Material provided:
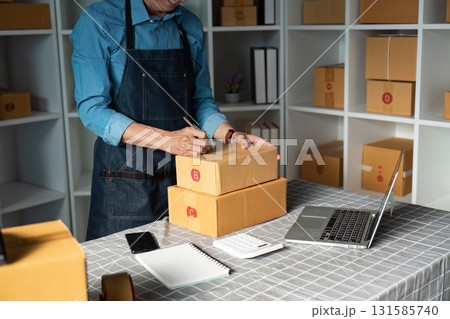 Businessperson labeling multiple packages while using a laptop in a well-organized workspace. Businessperson labeling multiple packages while using a laptop in a well-organized workspace. 131585740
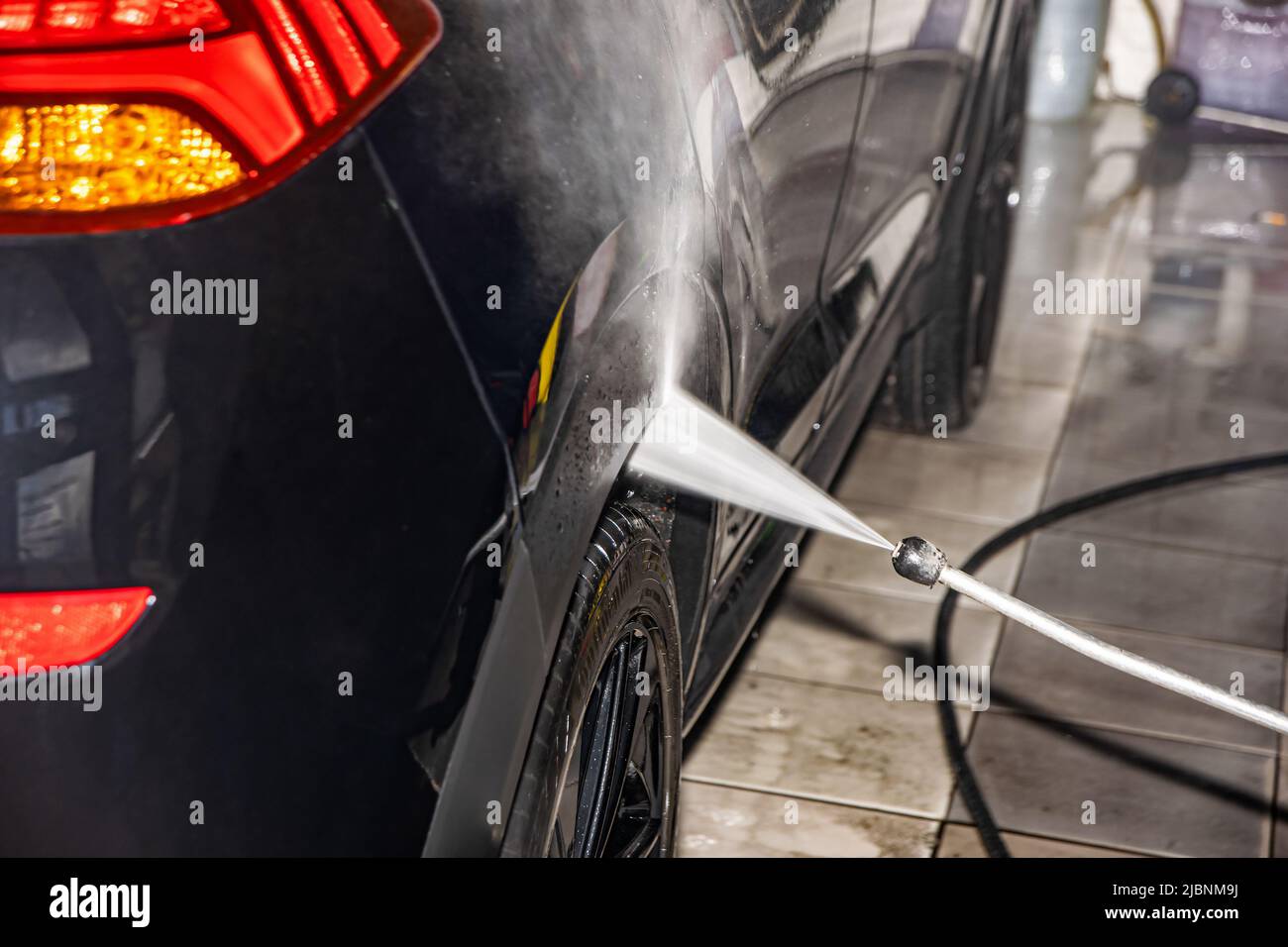 Professional manual car wash. Car wash with high pressure water Stock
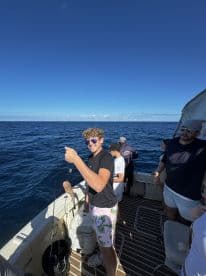 A young angler proudly displays his catch while fishing with friends on a boat, capturing the excitement of a day on the ocean.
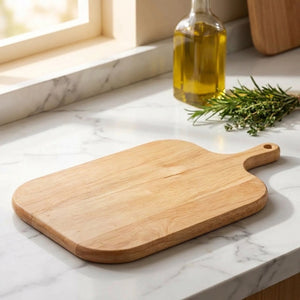 Plateau en bois naturel avec poignée posé sur comptoir en marbre avec herbes et huile d'olive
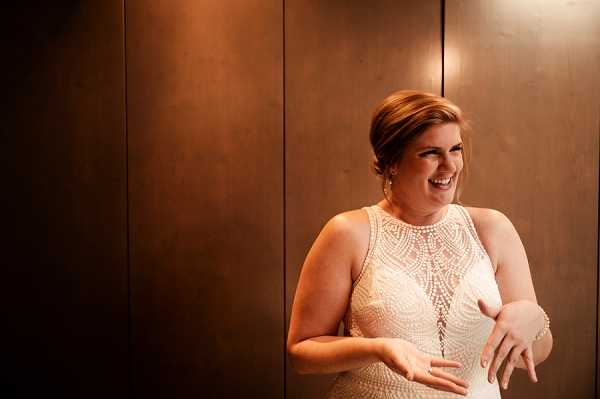 A close-up portrait of a bride laughing and looking to one side, standing against a large dark bronze or copper-toned panel wall. She is wearing a sleeveless, high-neck wedding dress featuring an intricate beaded and embroidered geometric pattern across the bodice. Her hair is styled up, and she wears drop earrings and a delicate bracelet. The warm ambient lighting casts a golden tone across the scene, highlighting her expression and the texture of the beadwork on her dress.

What you have to do:
Skip the pictures. Write out exactly the lines from the one with "A young angler" through the last line of the listing, both ends included, and nothing more.

Finished exercise:
 A young angler proudly displays his catch while fishing with friends on a boat, capturing the excitement of a day on the ocean.
 Plateau en bois naturel avec poignée posé sur comptoir en marbre avec herbes et huile d'olive
 A close-up portrait of a bride laughing and looking to one side, standing against a large dark bronze or copper-toned panel wall. She is wearing a sleeveless, high-neck wedding dress featuring an intricate beaded and embroidered geometric pattern across the bodice. Her hair is styled up, and she wears drop earrings and a delicate bracelet. The warm ambient lighting casts a golden tone across the scene, highlighting her expression and the texture of the beadwork on her dress.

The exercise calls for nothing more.